**TASK MATERIAL**
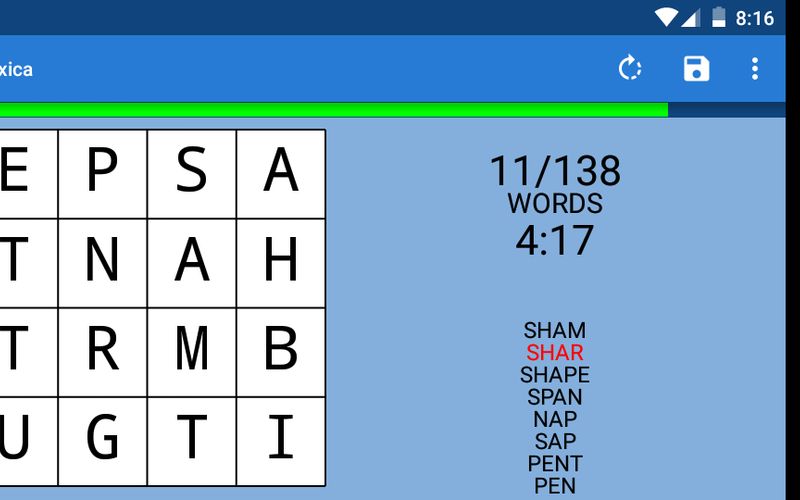 Lostwords.org - Boggle style, multiplayer, word search. PHILOSOPHY OF LIFE  in this game, everyone plays the same game at the same time. Like life, you  are challenged to find your own meaning.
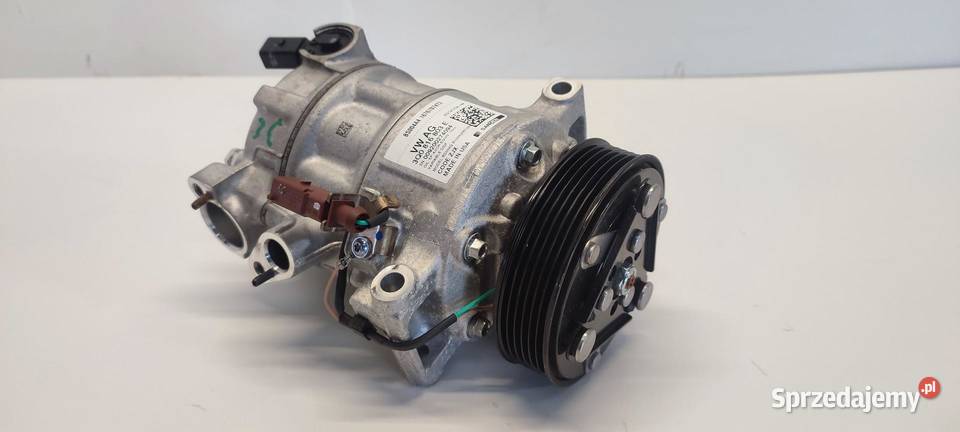 VW TIGUAN II ALLSPACE SPRĘŻARKA KLIMATYZACJI osobowe Kompresory klimatyzacji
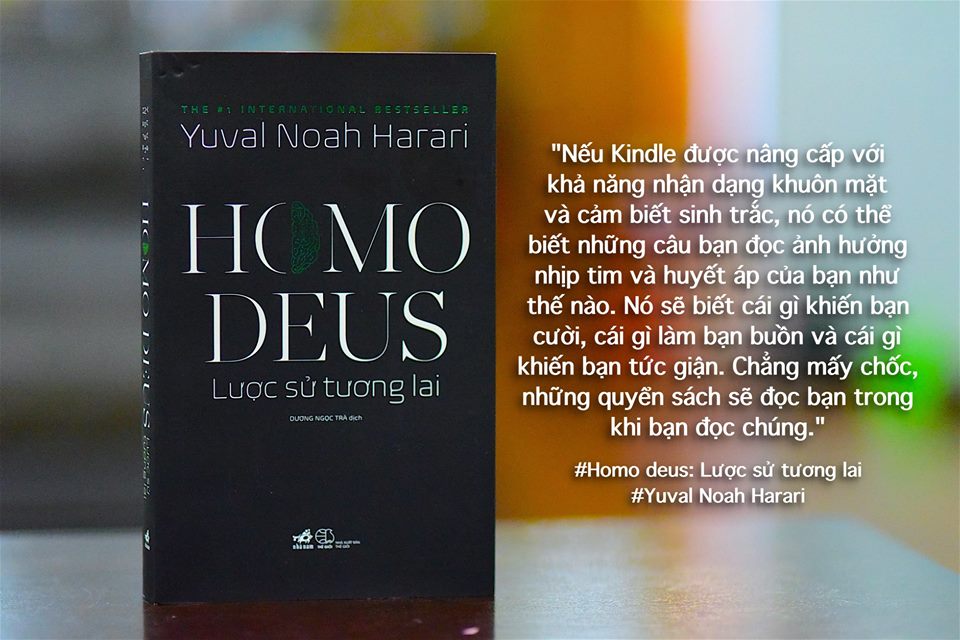Sách Hay - Lược Sử Tương Lai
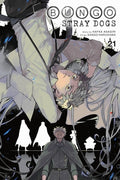 Cover Image for Bungo Stray Dogs, Vol. 21: Volume 21 -- Kafka Asagiri, Paperback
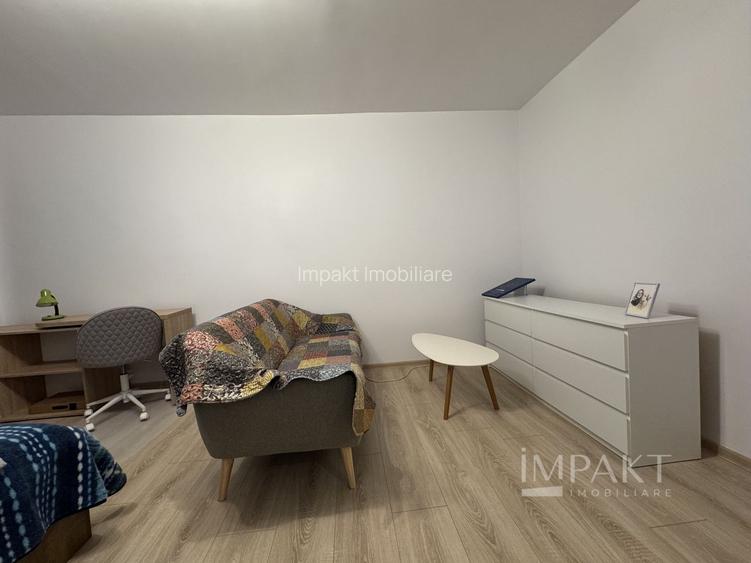 Apartament modern 42mp cu 1 cameră in Manastur de inchiriat - 4
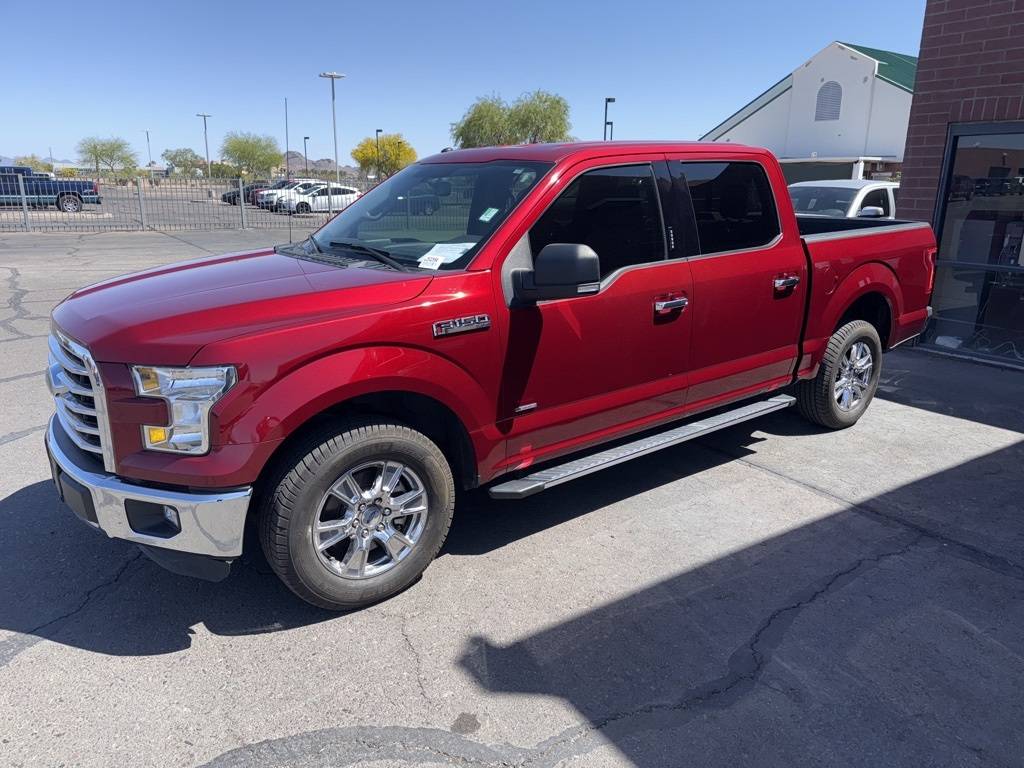 2016 Ford F-150 XLT — Pickup Truck — 54,005 mi — Phoenix, AZ
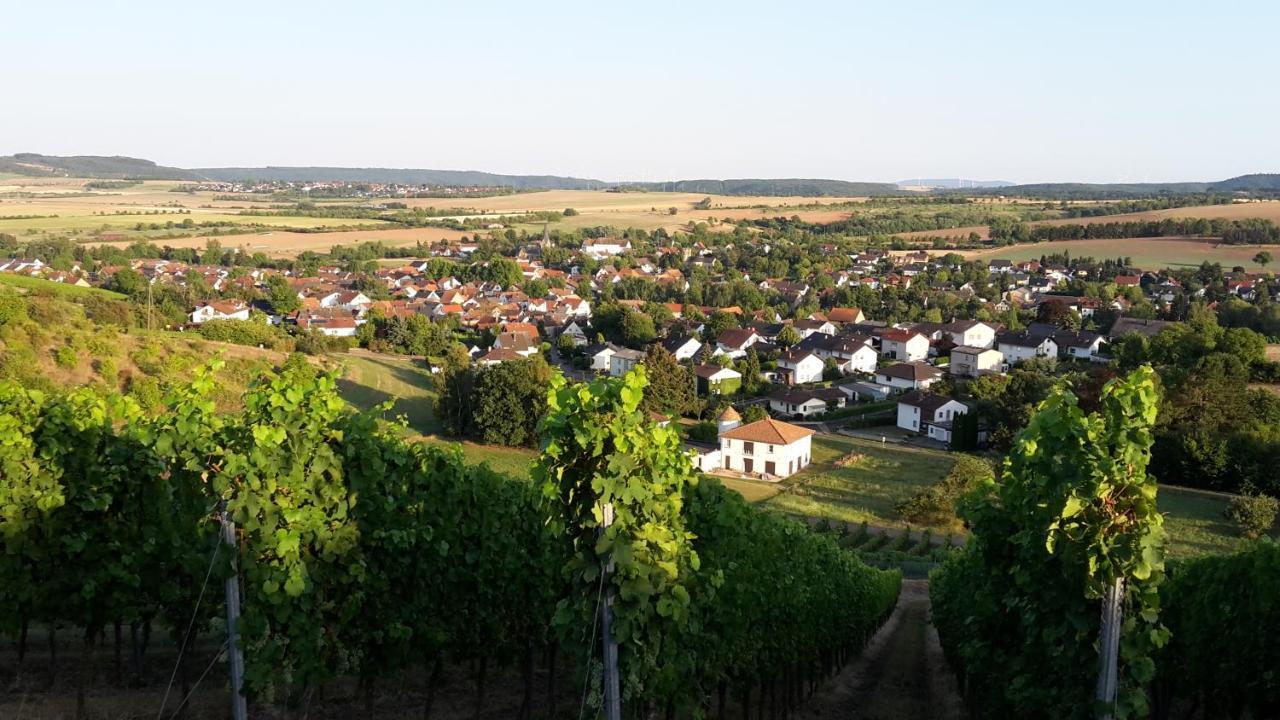 Haus Mit Seele Im Nahetal Weinsheim  Luaran gambar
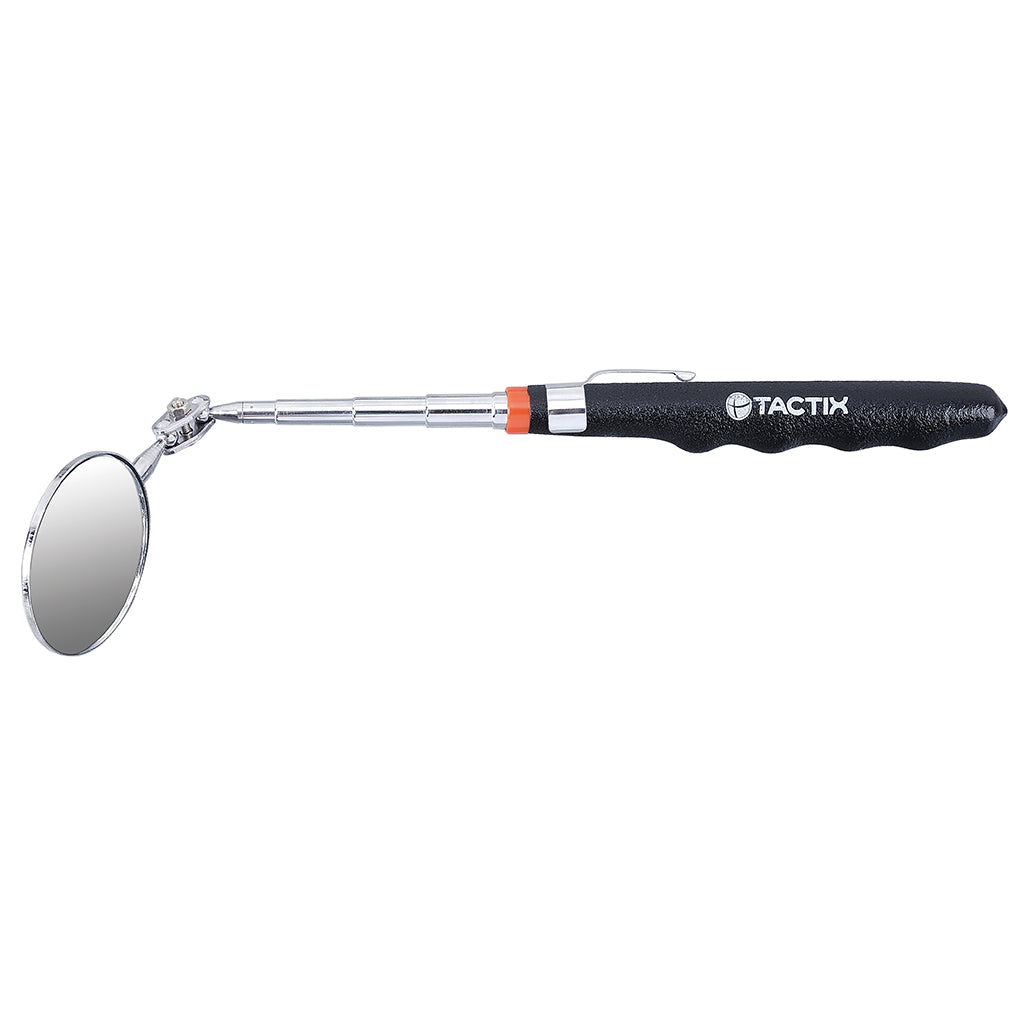 Tactix Telescopic Round Inspection Mirror Main Image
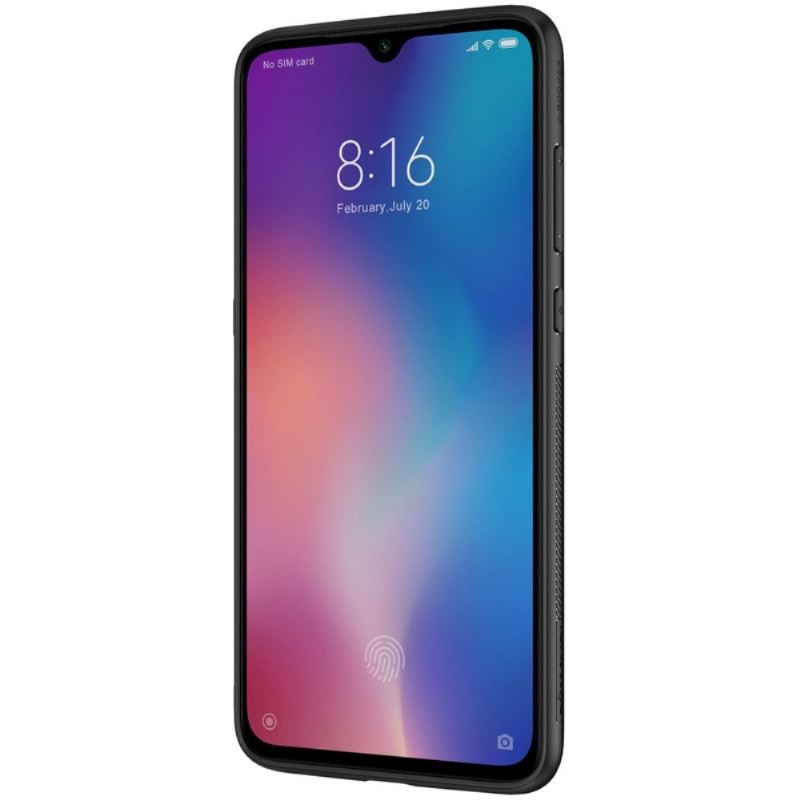 Handyhülle Für Xiaomi Mi 9 Kunstfaser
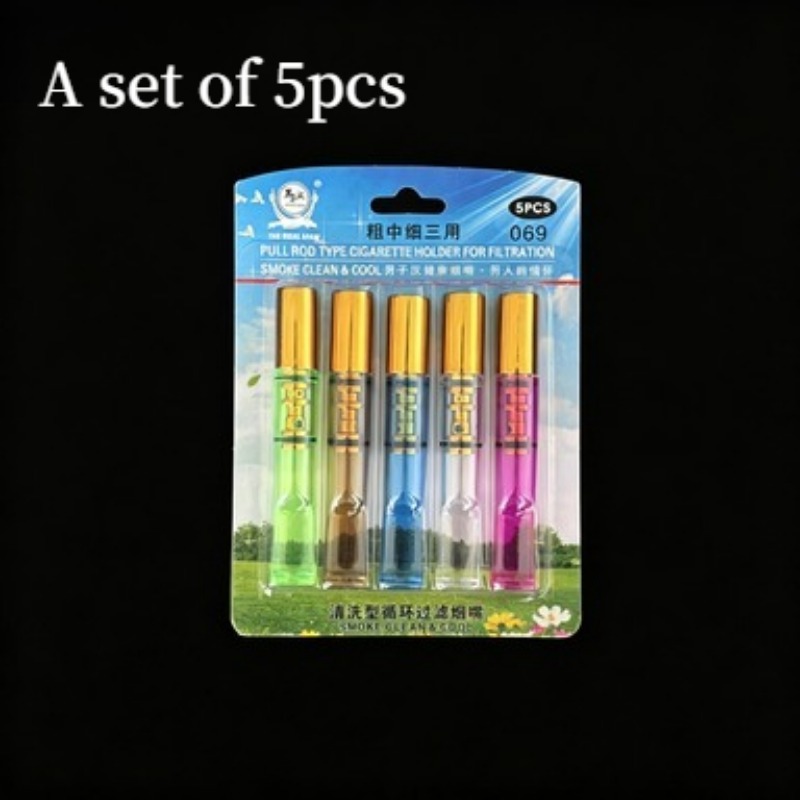 2/4 Sets Classic Thick and Thi - Smoking & Vaping Accessories ulasan dan harga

**WHAT YOU HAVE TO DO**
Print, exactly and with no pictures, the lines of the listing above starting at the one that has "VW TIGUAN II" and ending at the one that has "Tactix Telescopic Round", both included.

**EXERCISE SOLUTION**
 VW TIGUAN II ALLSPACE SPRĘŻARKA KLIMATYZACJI osobowe Kompresory klimatyzacji
Sách Hay - Lược Sử Tương Lai
 Cover Image for Bungo Stray Dogs, Vol. 21: Volume 21 -- Kafka Asagiri, Paperback
 Apartament modern 42mp cu 1 cameră in Manastur de inchiriat - 4
 2016 Ford F-150 XLT — Pickup Truck — 54,005 mi — Phoenix, AZ
 Haus Mit Seele Im Nahetal Weinsheim  Luaran gambar
 Tactix Telescopic Round Inspection Mirror Main Image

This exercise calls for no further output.